Anna Calvi stakes out some middle ground on both the gender and musical spectra. Nick Bollinger listens.
The talents of Anna Calvi were apparent right from her first album back in 2011: a ferocious guitarist with a tone to match her technique, and a voice that could whisper or wail with equal persuasiveness.
And all of that is on display on her first album in nearly five years. If anything has changed it is that she’s organised her multiple talents with even more purpose.
If the album’s title Hunter (also a song) is a word that carries a certain amount of alpha male baggage, then it speaks to that prevailing theme. Like much of the writing, the title track stakes out a position on the gender spectrum and examines the view from there, throwing up some powerfully primal imagery.
‘As A Man’ opens the set, and in a way that will already be familiar to anyone who knows her two earlier albums, it builds from a brooding Bo Diddley-style riff to a near-operatic climax, punctuated with cannon-fire drum fills and a little wordless melodic motif. But it’s where Calvi does use words that her intent becomes fully apparent. “If I was a man in all but my body/Would I now understand you completely?” she sings, and ideas about the fluidity of gender turn out to be the theme that underpins the album.
There’s ‘Chain’, with its memorable refrain ‘I’ll be the boy/you be the girl/I’ll be the girl/You be the boy...’ and ‘Don’t Beat the Girl out of My Boy’ in which she suggests there might be a place on the gender spectrum where she can comfortably inhabit both.
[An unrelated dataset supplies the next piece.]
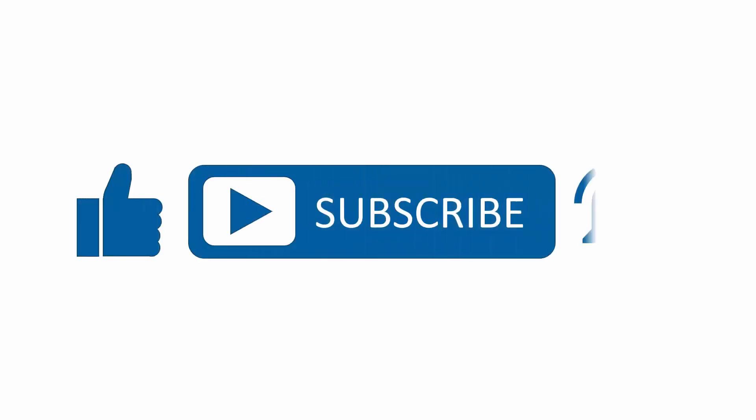If you found this content useful, please subscribe to our channel and press the alerts button to be notified when we upload new content.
Not that Calvi over-examines things. As a lyricist she is terse and concise, apparently more comfortable stretching out in a guitar solo than a screed of verse. Still, she does build these songs on some arresting phrases, which she fits to some of her most streamlined musical ideas so far.
For the big sound throughout this album, credit veteran producer Nick Launay, who cut his teeth with post-punk acts like Public Image and The Birthday Party, but who also spent some years down under working with more pop-angled acts like Jenny Morris and The Models. For Calvi’s music he finds a place somewhere in the middle, amplifying the edginess in her lyrics, while burnishing the bright hooks of a track like that one. And he knows exactly what to do when Calvi presents him with a big, almost Shirley Bassey-esque ballad like ‘Swimming Pool’.
Hunter is surely the most ‘pop’ album of the three Calvi has so far made, yet her skills as a guitarist haven’t been completely squeezed out of the frame. There’s some great soloing, including a break on ‘Alpha’ where she gives it the full Hendrix.
Thrilling freakouts like that aside though, Hunter more than either of Anna Calvi’s previous albums – presents her multiple skills in a pop package, while at the same time articulating her topical and, for some, undoubtedly challenging ideas about gender. That’s quite a balancing act, but I think she carries it off. “Gender”, she noted recently on an Instagram post, “is a spectrum. If we were allowed to be somewhere in the middle, not pushed to the extremes of performed masculinity and femininity, we would all be more free.”
Remarkably she’s managed to push her music towards that middle as well.